You are viewing a plain text version of this content. The canonical link for it is here.

Posted to dev@mahout.apache.org by Sean Owen <sr...@gmail.com> on 2009/10/29 12:19:43 UTC

Re: Offline computation of item-item similarities

On Wed, Oct 28, 2009 at 3:06 PM, Gökhan Çapan <gk...@gmail.com> wrote:
> similarities at once. For example, loglikelihood similarity does something
> with 4 quantities of two items:
> item1item2   : # of users who rated both item1 and item2
> !item1item2  : # of users who rated item2 but not item1
> item1!item2  : # of users who rated item1 but not item2
> !item1!item2 : # of users who didn't rate item1 or item2
> It is easy to find these quantities with mapreduce. When I finish
> implementing it, I will share it with a patch.

Yes you can easily compute these offline, and then use them in an
alternate implementation of LogLikelihoodSimilarity to produce fast
results. The only possible issue I see is loading all these values
into memory, since it grows as the square of the number of items.

You could store only 'most-popular' pairs in memory and fall back to a
normal computation when the pair hasn't been precomputed. This amounts
to caching, and might be done as easily by simply writing a caching
wrapper around LogLikelihoodSimilarity, which caches with the "Cache"
class, which will do a nice job of limiting the memory usage and
removing unpopular entries.

> There is also another measure that we talked about in our discussion. Ted
> said dot product can yield very good results and it can be weighted with
> inverse user frequency.
> I've implemented 3 versions of that approach to see how good the results
> are:

Agree, this is what PearsonCorrelationSimilarity basically does --
really it's also an implementation of the cosine-measure similarity,
since the data is 'centered' to a mean of zero. And I believe this is
what Ted is referring to by dot product. The framework also already
has a transformation for inverse user frequency.

But yeah I think your point is doing this at scale, all at once, with
a big matrix operation, via mapreduce, for all pairs of items. I agree
this is a useful thing. The results, when precomputed this way, make
the on-line similarity computation very fast. You could feed it in to
any item-based recommender that way.

Or you could rewrite the rest of the recommender process in mapreduce,
continue that way.

> First, I have worked on 1 month user log of an e-commerce site, data set is
> very sparse, but there are some items that are very popular, that don't fit
> to the general characteristics of data.
>
> I've tried 3 versions of that computation:
> 1- iuf=log(N/1+uf)  ; N is total number of users here

Yep

> score item1,item2 = cosine similarity of item1 item2 vectors whose elements
> are weighted with iuf that is described above
>                                 the dot product of two items is normalized
> with euclidian length of items(i.e.
> score=dotproduct/length(item1)*length(item2))

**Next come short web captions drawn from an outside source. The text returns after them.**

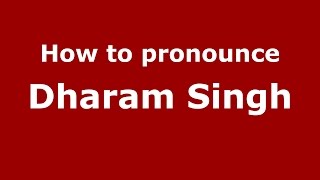 How to pronounce Dharam Singh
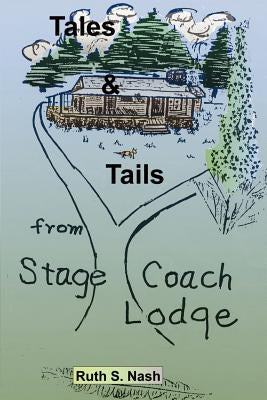 Tales and Tails from Stage Coach Lodge by Nash, Ruth S.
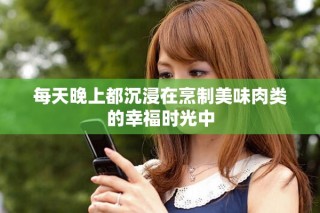 每天晚上都沉浸在烹制美味肉类的幸福时光中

PS yeah this is the cosine measure similarity, and also reduces to
Pearson when the data has mean zero.

> 2-iuf is same as 1, score is just dot product

I think it's problematic to not normalize the dot product. I wouldn't
expect this to work well, but let's see your results below --

> 3- iuf=N/1+uf, and score is just dot product

Valid, but I do think the log() is useful to keep here.

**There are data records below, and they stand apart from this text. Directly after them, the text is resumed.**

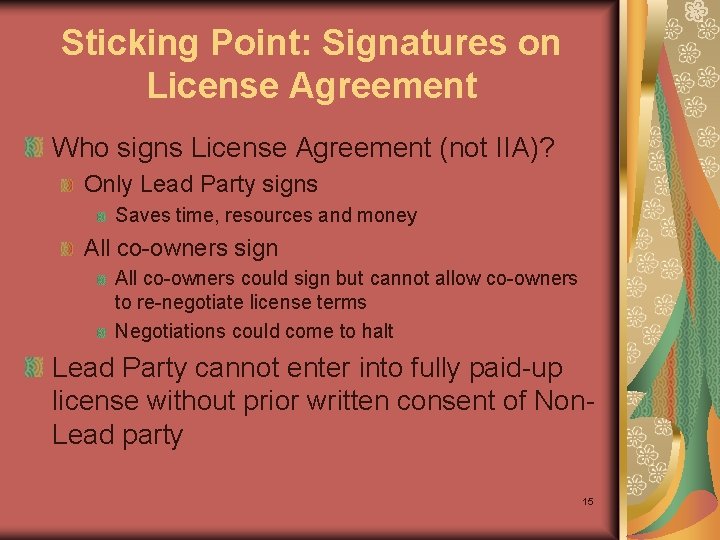 Sticking Point: Signatures on License Agreement Who signs License Agreement (not IIA)? Only Lead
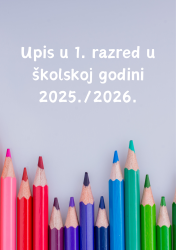 Upis u 1. razred osnovne škole u školskoj godini 2024./2025.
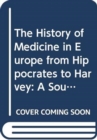 Image for The History of Medicine in Europe from Hippocrates to Harvey : A Sourcebook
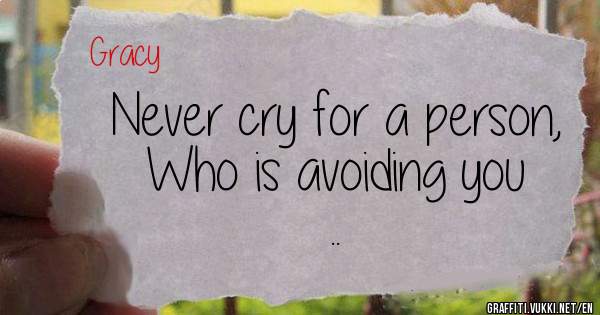 Never cry for a person,
    Who is avoiding you ..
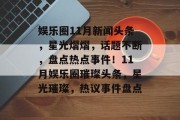 娱乐圈11月新闻头条，星光熠熠，话题不断，盘点热点事件！11月娱乐圈璀璨头条，星光璀璨，热议事件盘点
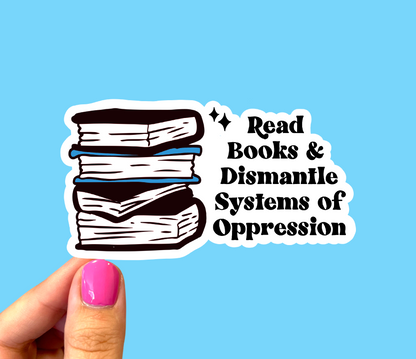 Read books and dismantle systems of oppression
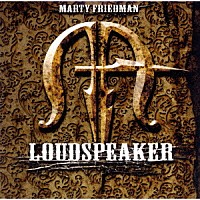 マーティ・フリードマン「 ラウドスピーカー」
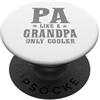 Cool Pa Design Pa Like A Grandpa Only Cooler Funny PopSockets PopGrip Adesivo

> As a result, I think it will be good it will be good if we found a way to
> smooth item vectors to make 1st way yield better results. For example, with
> filling some missing data. And it will be good if we had a way to merge 2nd
> and 3rd ways. I mean, another similarity measure that find hidden -hard to
> find- similar items like 2, and gives the results as 3rd way also.

"Filling missing data" -- yes this is what the "PreferenceInferrer"
does in the framework. I am not convinced it is very useful, but lets
you synthesize missing data.

I also suspect 1 is the way to go. It is definitely the conventional
approach and the one already implemented by the framework.

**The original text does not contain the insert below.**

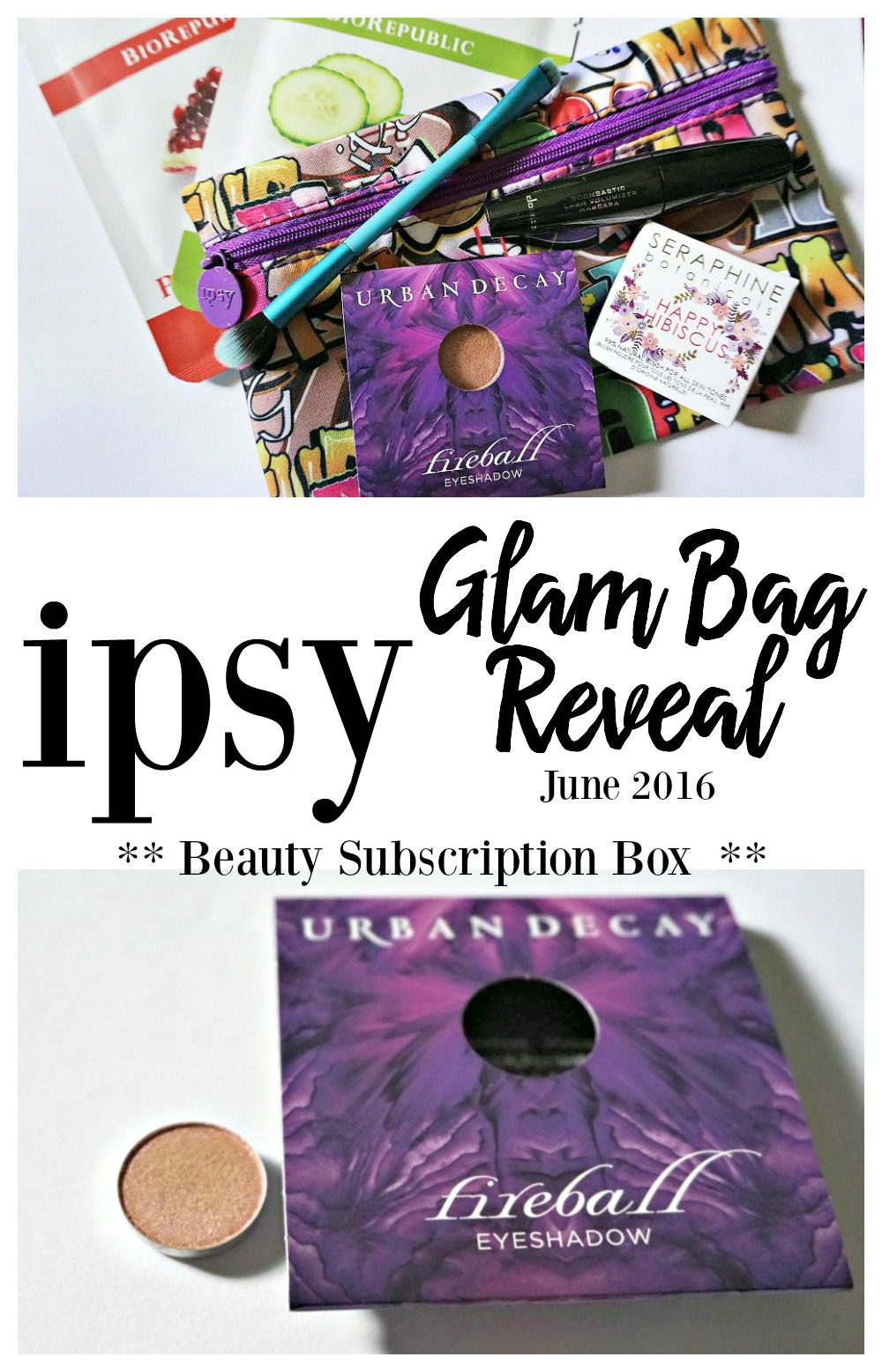 ipsy Glam Bag Reveal June 2016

Re: Offline computation of item-item similarities

Posted by Gökhan Çapan <gk...@gmail.com>.

> Yes you can easily compute these offline, and then use them in an
> alternate implementation of LogLikelihoodSimilarity to produce fast
> results. The only possible issue I see is loading all these values
> into memory, since it grows as the square of the number of items.
>
> You could store only 'most-popular' pairs in memory and fall back to a
> normal computation when the pair hasn't been precomputed. This amounts
> to caching, and might be done as easily by simply writing a caching
> wrapper around LogLikelihoodSimilarity, which caches with the "Cache"
> class, which will do a nice job of limiting the memory usage and
> removing unpopular entries.


That sounds interesting.

>
>
> > There is also another measure that we talked about in our discussion. Ted
> > said dot product can yield very good results and it can be weighted with
> > inverse user frequency.
> > I've implemented 3 versions of that approach to see how good the results
> > are:
>
> Agree, this is what PearsonCorrelationSimilarity basically does --
> really it's also an implementation of the cosine-measure similarity,
> since the data is 'centered' to a mean of zero. And I believe this is
> what Ted is referring to by dot product. The framework also already
> has a transformation for inverse user frequency.
>
> But yeah I think your point is doing this at scale, all at once, with
> a big matrix operation, via mapreduce, for all pairs of items. I agree
> this is a useful thing. The results, when precomputed this way, make
> the on-line similarity computation very fast. You could feed it in to
> any item-based recommender that way.
>
> Or you could rewrite the rest of the recommender process in mapreduce,
> continue that way.
>
> > First, I have worked on 1 month user log of an e-commerce site, data set
> is
> > very sparse, but there are some items that are very popular, that don't
> fit
> > to the general characteristics of data.
> >
> > I've tried 3 versions of that computation:
> > 1- iuf=log(N/1+uf)  ; N is total number of users here
>
> Yep
>
> > score item1,item2 = cosine similarity of item1 item2 vectors whose
> elements
> > are weighted with iuf that is described above
> >                                 the dot product of two items is
> normalized
> > with euclidian length of items(i.e.
> > score=dotproduct/length(item1)*length(item2))
>
> PS yeah this is the cosine measure similarity, and also reduces to
> Pearson when the data has mean zero.
>
>
> > 2-iuf is same as 1, score is just dot product
>
> I think it's problematic to not normalize the dot product. I wouldn't
> expect this to work well, but let's see your results below --
>
>
> > 3- iuf=N/1+uf, and score is just dot product
>
> Valid, but I do think the log() is useful to keep here.
>
>
> > As a result, I think it will be good it will be good if we found a way to
> > smooth item vectors to make 1st way yield better results. For example,
> with
> > filling some missing data. And it will be good if we had a way to merge
> 2nd
> > and 3rd ways. I mean, another similarity measure that find hidden -hard
> to
> > find- similar items like 2, and gives the results as 3rd way also.
>
> "Filling missing data" -- yes this is what the "PreferenceInferrer"
> does in the framework. I am not convinced it is very useful, but lets
> you synthesize missing data.
>
> I also suspect 1 is the way to go. It is definitely the conventional
> approach and the one already implemented by the framework.
>

For your comments, I should say it is very application-dependent. I used to
think same as you, but after some experiments, I saw all give different,
interesting results depending on data set. Thanks for sharing your ideas.

-- 
Gökhan Çapan